Every line of the data below should be retyped exactly, with no images carried over.

────────────────────

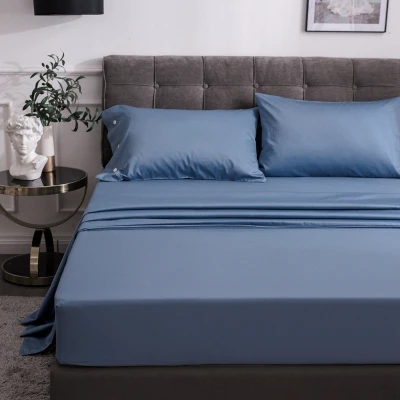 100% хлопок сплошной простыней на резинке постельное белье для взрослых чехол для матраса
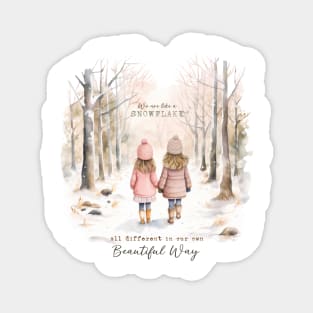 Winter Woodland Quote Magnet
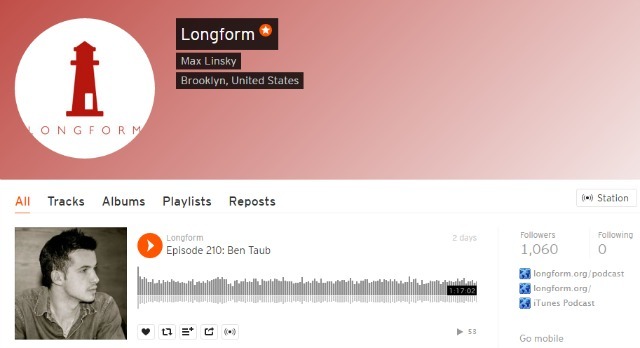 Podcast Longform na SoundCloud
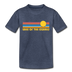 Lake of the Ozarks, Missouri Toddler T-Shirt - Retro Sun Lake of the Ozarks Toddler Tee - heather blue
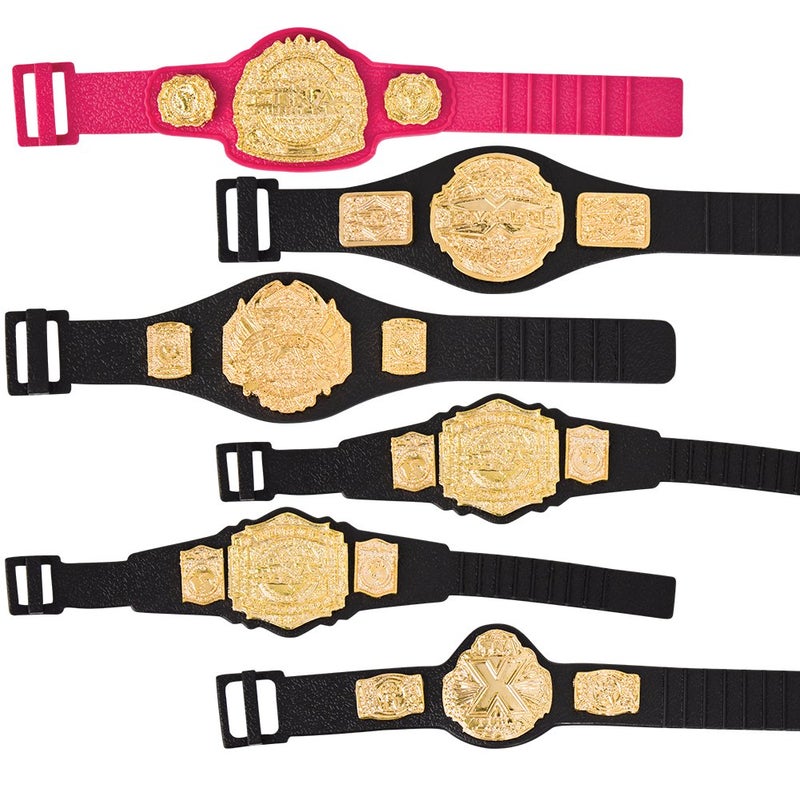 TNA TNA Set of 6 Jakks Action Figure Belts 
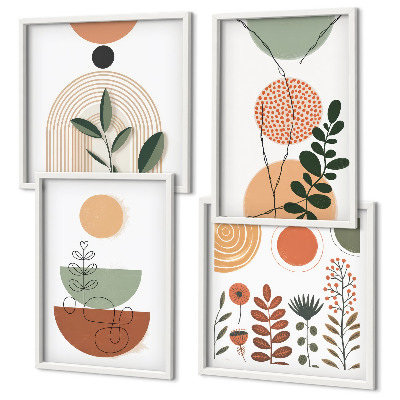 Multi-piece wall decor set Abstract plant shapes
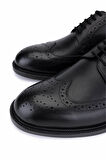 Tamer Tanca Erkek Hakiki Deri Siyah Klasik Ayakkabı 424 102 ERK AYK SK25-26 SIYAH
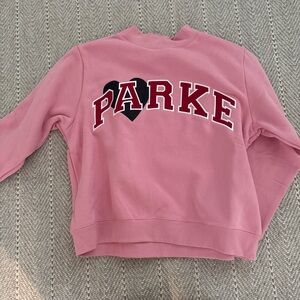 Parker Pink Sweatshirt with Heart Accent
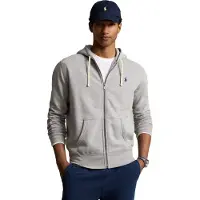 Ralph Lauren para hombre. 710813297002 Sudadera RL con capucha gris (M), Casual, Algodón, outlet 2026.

────────────────────

SOLUTION FOR THIS TASK.
 100% хлопок сплошной простыней на резинке постельное белье для взрослых чехол для матраса
 Winter Woodland Quote Magnet
 Podcast Longform na SoundCloud
 Lake of the Ozarks, Missouri Toddler T-Shirt - Retro Sun Lake of the Ozarks Toddler Tee - heather blue
 TNA TNA Set of 6 Jakks Action Figure Belts 
 Multi-piece wall decor set Abstract plant shapes
 Tamer Tanca Erkek Hakiki Deri Siyah Klasik Ayakkabı 424 102 ERK AYK SK25-26 SIYAH
 Parker Pink Sweatshirt with Heart Accent
 Ralph Lauren para hombre. 710813297002 Sudadera RL con capucha gris (M), Casual, Algodón, outlet 2026.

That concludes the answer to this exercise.